Elle se défend néanmoins de tout laxisme, car « à la suite de la transmission du dossier du tribunal de Tours, nous avons pris des mesures de surveillance de cet étudiant », martèle la présidente. Une surveillance un peu légère puisqu’on apprend aujourd’hui que cette personne a été en stage dans le service gynécologie du CHU de Limoges. « Les mesures de surveillance portent sur la sécurité de ses camarades, en particulier, rétorque la présidente de l’Université. Mais le stage évoqué, est un stage obligatoire, qui fait partie du parcours obligatoire, des étudiants, donc il a fait ce stage en octobre et il en a fait un autre en chirurgie thoracique et il est en train d’en faire un autre en dermatologie, donc c’est un stage obligatoire. Là aussi, il y a eu un algorithme, ce stage lui a été attribué dans ce cadre-là, et le doyen a estimé qu’il pouvait suivre une scolarité normale, la même que les autres. »

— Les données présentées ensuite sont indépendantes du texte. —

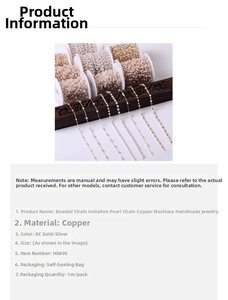 Detail of 1m handmade copper chain with faux pearls for DIY jewelry making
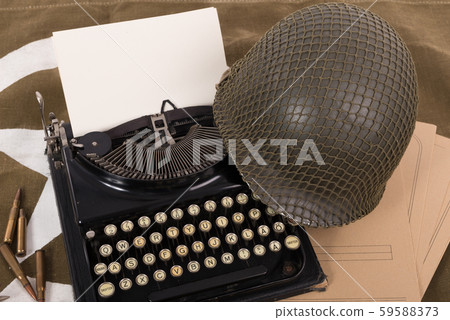 US military helmet of the Second World War with 59588373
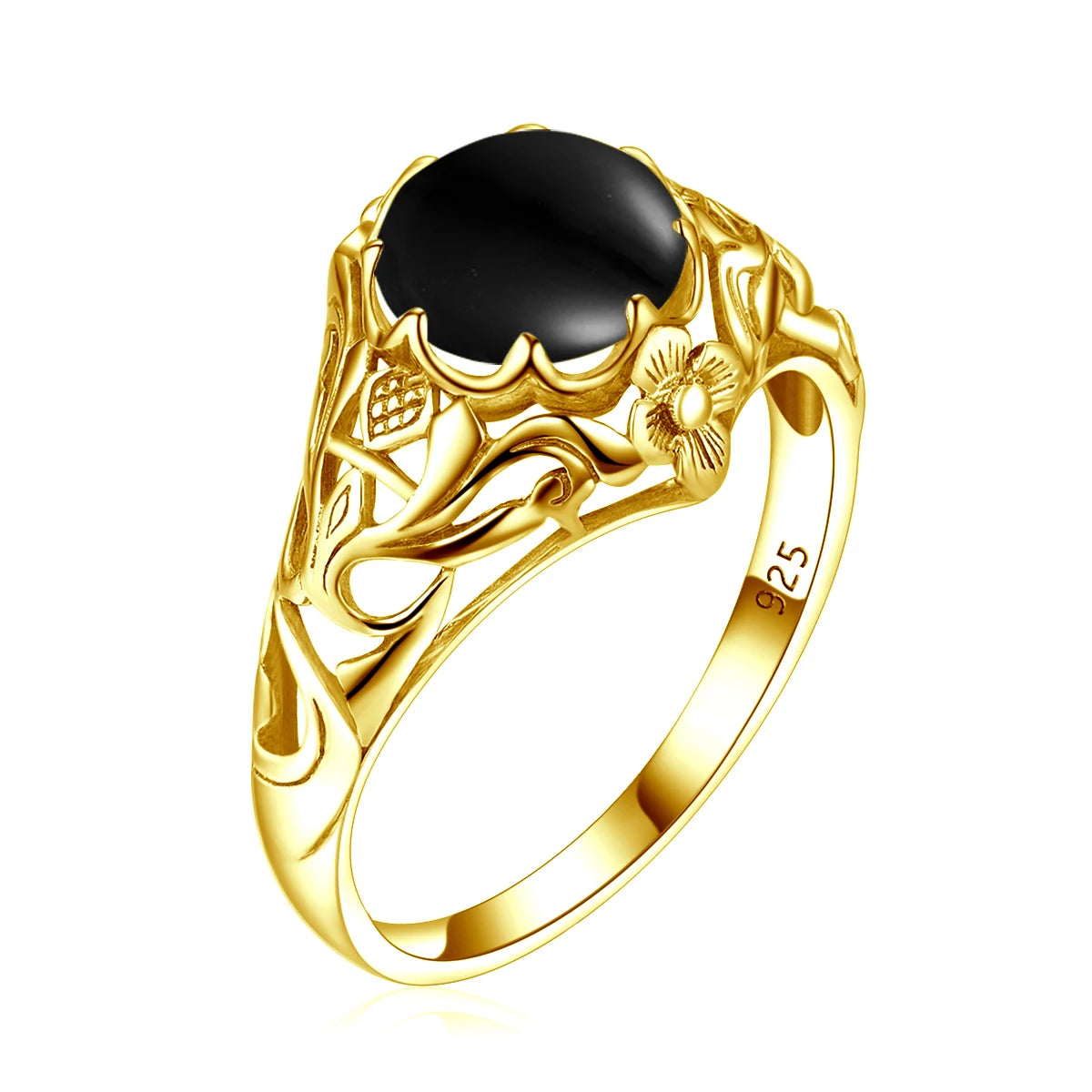 Szjinao Solid 925 Sterling Silver Yellow Gold Prong Set Black Onyx Gemstone Vintage Wedding Ring for Women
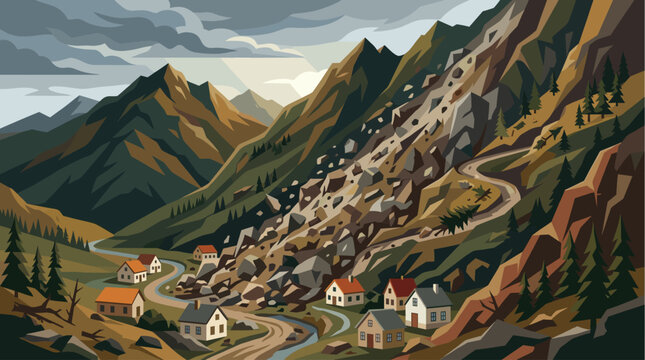 A dramatic illustration depicts a quaint village nestled at the base of a steep mountain, threatened by a massive rockslide cascading down the slopes.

Ces propos ne sont pour le moins pas du tout rassurants pour ce camarade de promotion de l’étudiant en cause, qui témoigne de manière anonyme : « On a été mis au courant de cette histoire, et globalement, ce qui s’en dégage au sein de l’université, c’est une grosse incompréhension. En 2022, on ne comprend pas comment cet enchaînement a pu être possible, comment, cet étudiant a pu atterrir dans notre université. C’est comme si on avait laissé le loup rentrer dans la bergerie. Qu’il ait pu faire un stage en plus en gynécologie, je trouve tout juste fou ».

Pour rappel, dans ce type d’affaire, si le mis en cause est poursuivi devant une cour d'assises, l’étudiant, qui est pour l’heure présumé innocent, risque une peine pouvant aller jusqu'à vingt ans de prison.